S. suis was initially classified into 35 serotypes on the basis of the presence of capsular antigens (Liu et al., 2013). However, advances in molecular techniques have refined the classification system. Currently, S. suis is divided into 29 classical serotypes (Nomoto et al., 2015). The serotype distribution of S. suis exhibits marked regional variation. Serotype 2, the most virulent global strain, accounts for 74.7% of human infections and dominates swine populations in Asia (44.2%) and North America (24.3%), whereas serotype 9 prevails in Europe (61%) (Haas and Grenier, 2018). Notably, South Korea shows an anomalous predominance of serotypes 3/4, and European countries such as Spain and the Netherlands display evolving serotype patterns (9/2/7) (Wisselink et al., 2000).

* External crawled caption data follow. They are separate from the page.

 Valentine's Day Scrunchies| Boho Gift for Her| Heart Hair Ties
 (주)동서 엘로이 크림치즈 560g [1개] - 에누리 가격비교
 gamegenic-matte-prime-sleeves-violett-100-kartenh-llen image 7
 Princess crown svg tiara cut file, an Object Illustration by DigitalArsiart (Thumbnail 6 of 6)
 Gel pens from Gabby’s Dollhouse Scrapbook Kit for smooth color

The paucity of data regarding S. suis serotype patterns in the swine population of eastern China presents considerable concern and a latent risk to regional disease control efforts, underscoring the urgency of forming an interdisciplinary surveillance network to mitigate this zoonotic threat.

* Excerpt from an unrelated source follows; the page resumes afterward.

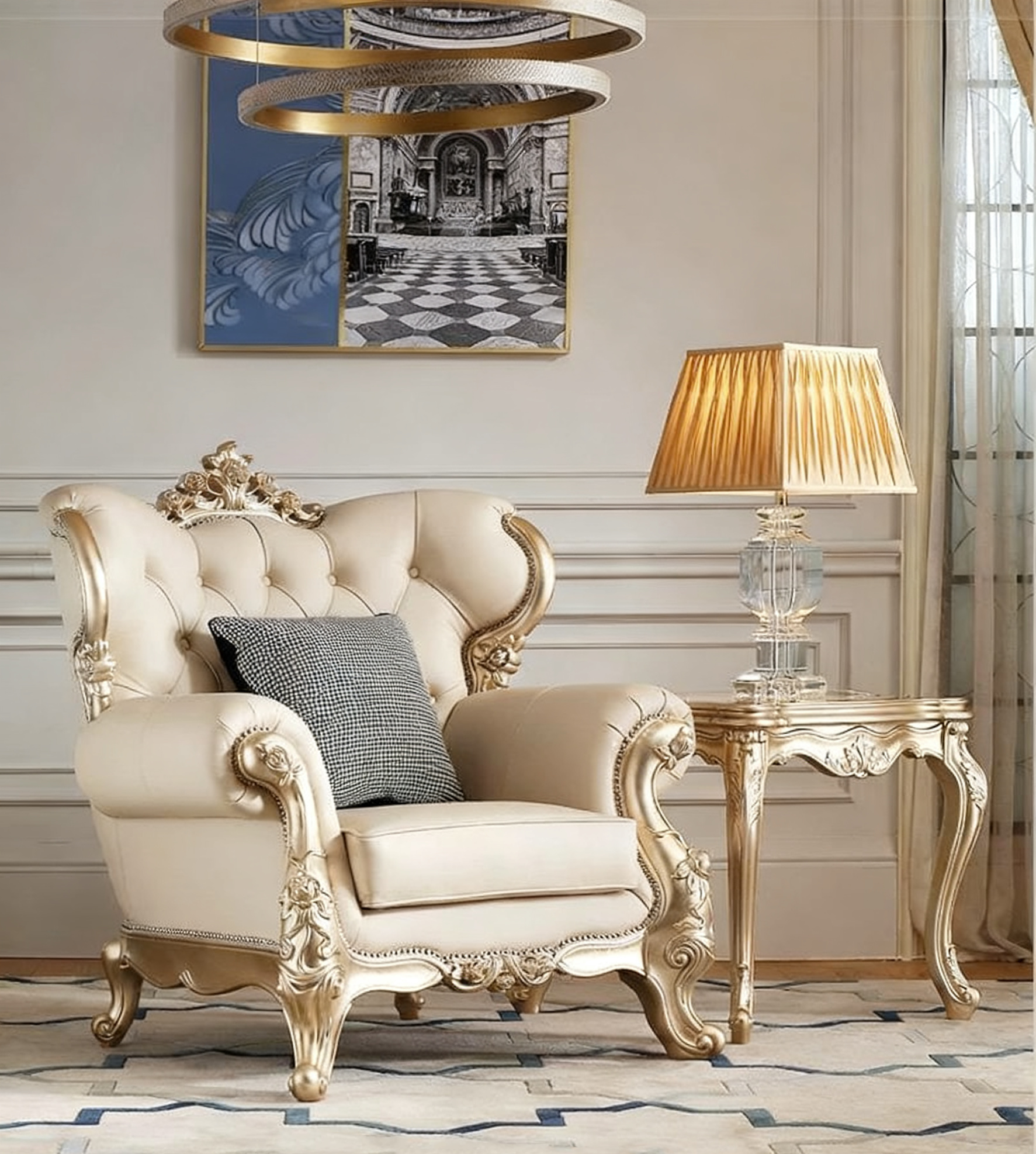 Serenité French Solid Wood Sofa image 9
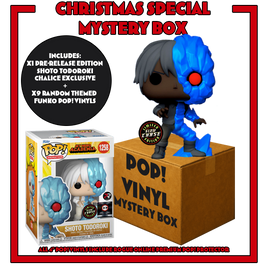 MY HERO ACADEMIA - SHOTO TODOROKI (CHASE GLOW) POP! VINYL - MYSTERY BOX (INCLUDES SHOTO TODOROKI - CHALICE EXCLUSIVE & 9 POP! VINYL) - PRE-RELEASE CHASE LIMITED EDITION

The pathogenicity of S. suis is closely related to its virulence factors. The main virulence genes of S. suis include mrp, epf, sly, orf2, fbps, gdh, gapdh, and 89 k, which are involved in the pathogenic process. Among the virulence genes, mrp, epf, and sly are considered the key virulence factors of S. suis (Silva et al., 2006). In Eurasian strains, these genes are positively correlated with pathogenicity. The frequent phenotypes of diseased and healthy pigs are mrp⁺epf⁺sly⁺ and mrp−epf−sly−, respectively (Petrocchi-Rilo et al., 2021). However, some highly virulent strains from Canada do not express mrp, epf, or sly (Gottschalk et al., 1998). Additionally, avirulent strains harboring all three of these genes have not been identified (Vecht et al., 1992). Sly, which encodes a cytotoxic hemolysin, may enhance pathogenicity by modulating complement deposition and promoting the penetration of S. suis into deeper tissues (King et al., 2001). Epf serves as a phenotypic marker of virulence (Wisselink et al., 1999). The scarcity of systematic data on virulence gene distributions, dominant phenotypes, and their pathogenic associations—stemming from limited S. suis research in eastern China-severely hinders the development of targeted interventions.

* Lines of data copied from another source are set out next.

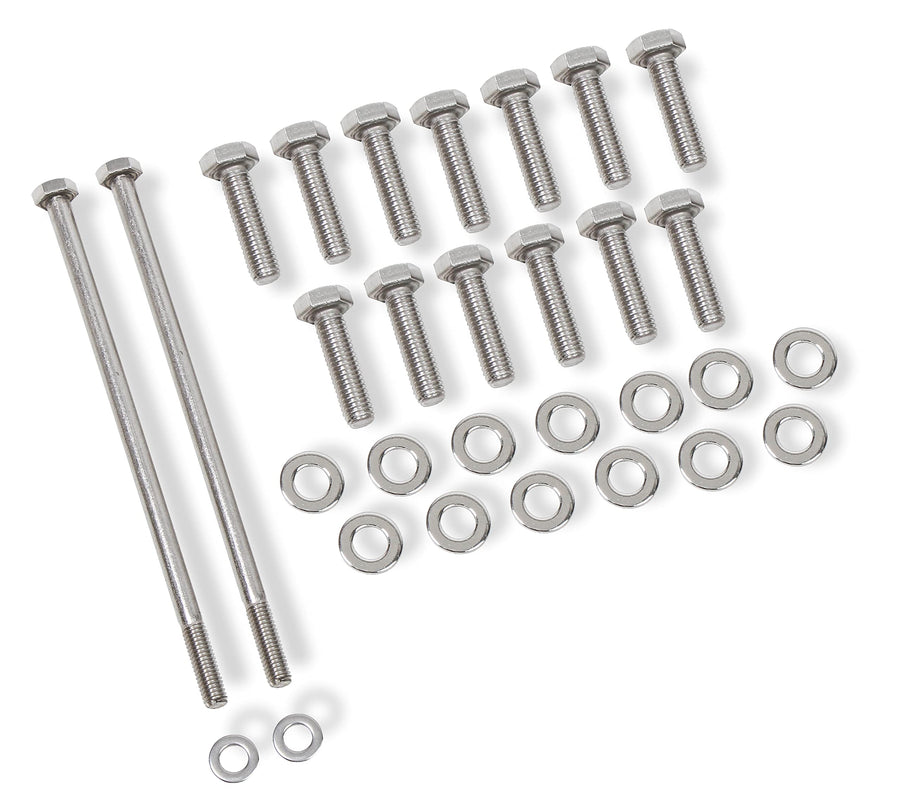Oil Pan Bolt Set Mr. Gasket 60850G - Stainless Steel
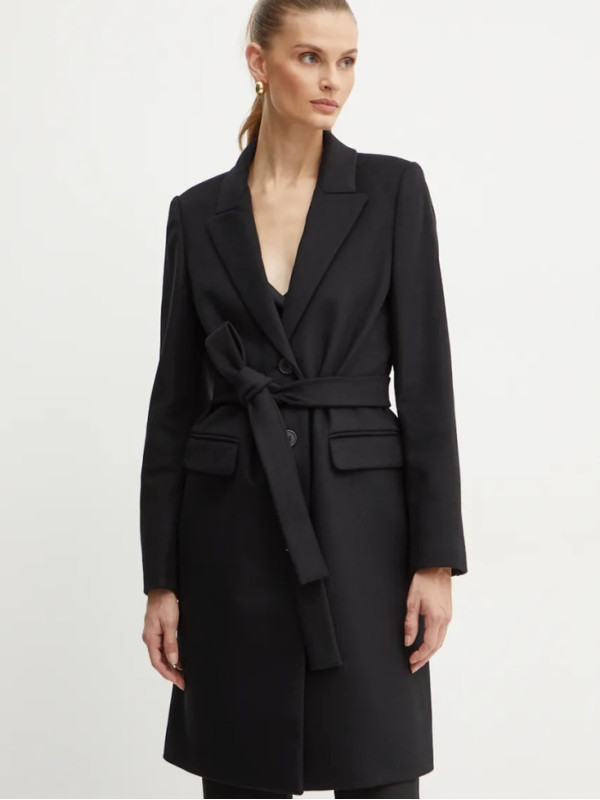 Пальто / Чорний 242TT2202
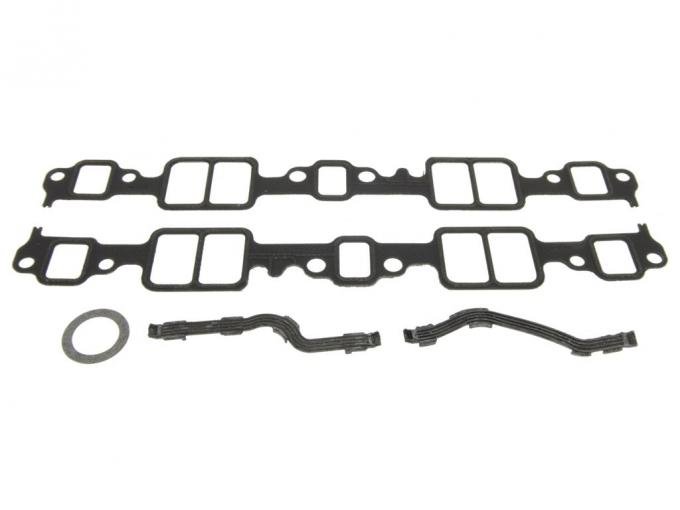 63-68 Intake Manifold Gasket Set - Round Hump - 327 Except Fuel Injection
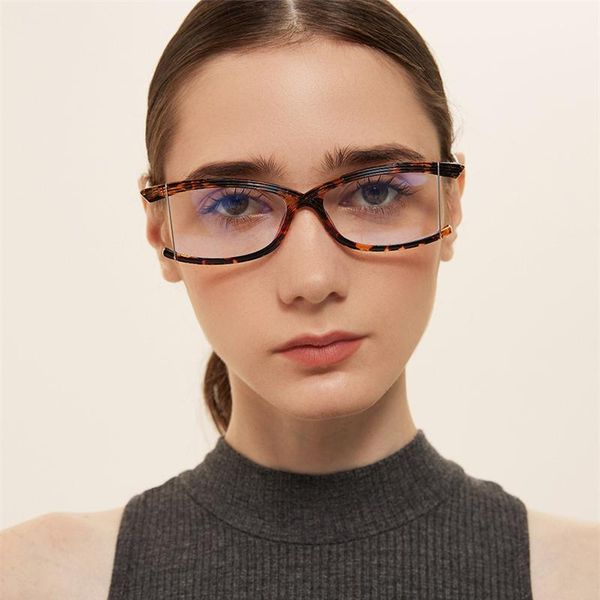 

sunglasses fashion semi-rimless anti-blu-ray clear lens eyewear vintage men women glasses frame rectangle computer goggles, White;black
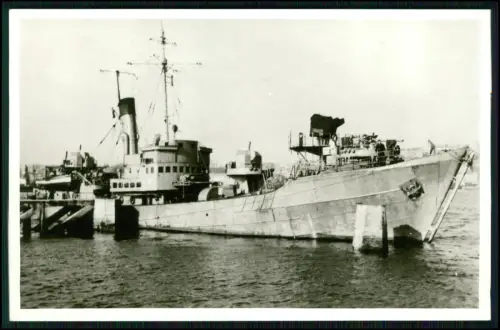 Foto AK Hilfs-Minensuchboot M 4046 - ex M 1608 Nordstern Kriegsmarine 1939-1945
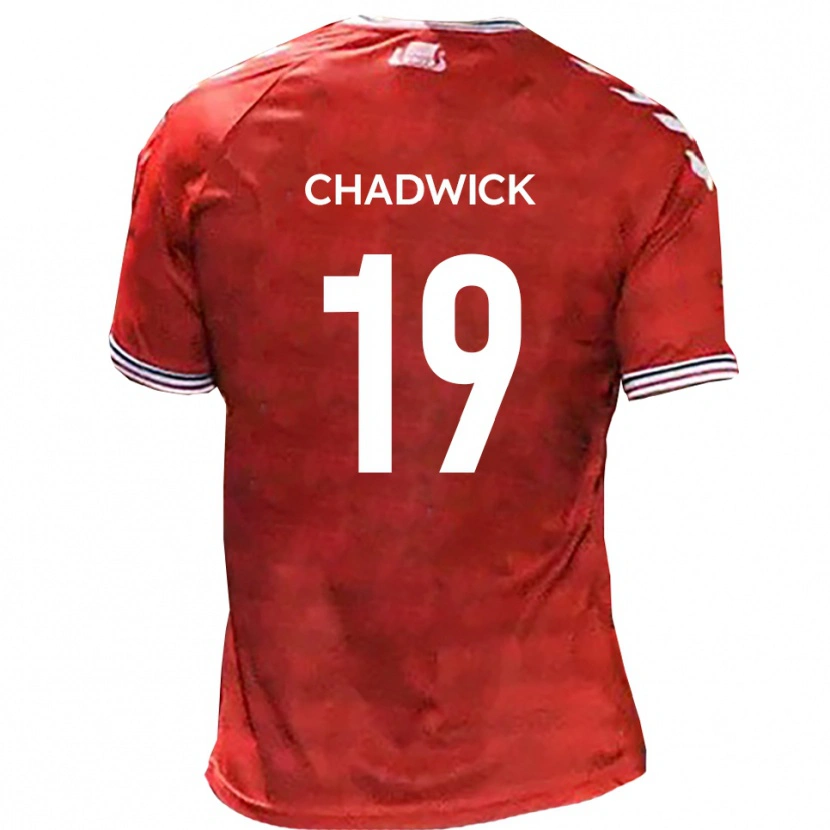 Danxen Dames Billy Chadwick #19 Rood Wit Thuisshirt Thuistenue 2025/26 T-Shirt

Prompted by the 2005 human outbreak in Sichuan, China, S. suis, a key zoonotic pathogen, has been closely monitored; however, data on its epidemiology and virulence genotypes in eastern China are sparse. This study, which was conducted from 2022 to 2024 across 89 pig farms in 12 provinces, bridges this knowledge gap by serotyping, virulence genotyping, and pathogenicity assessment of dominant serotypes, thereby providing essential evidence for evidence-based, precise control measures in China’s swine industry.

2 Materials and methods

2.1 Sample collection

This study collected 1,428 samples from over 89 swine operations, including both individual farmers and large-scale commercial farms (about 5 million pigs) across 12 provinces in China (Anhui (129), Guangdong (87), Guangxi (143), Hainan (68), Hubei (16), Hunan (246), Jiangsu (119), Jiangxi (85), Liaoning (26), Shandong (98), Shanxi (119), and Shaanxi (291)) between 2022 and 2024. The samples included nasopharyngeal swabs, pleural effusion, joint fluid from the legs, lungs, brain tissue, and vaginal pus from diseased piglets, nursery pigs, fattening pigs, and breeding pigs suspected of having S. suis infections. These pigs presented symptoms such as fever, swollen joints, and emaciation. Post-mortem examinations revealed septicemia, polyserositis, pneumonia, myocarditis, and hemorrhaging in multiple organs. All sample collections were conducted with the informed consent of the managers of each pig farm.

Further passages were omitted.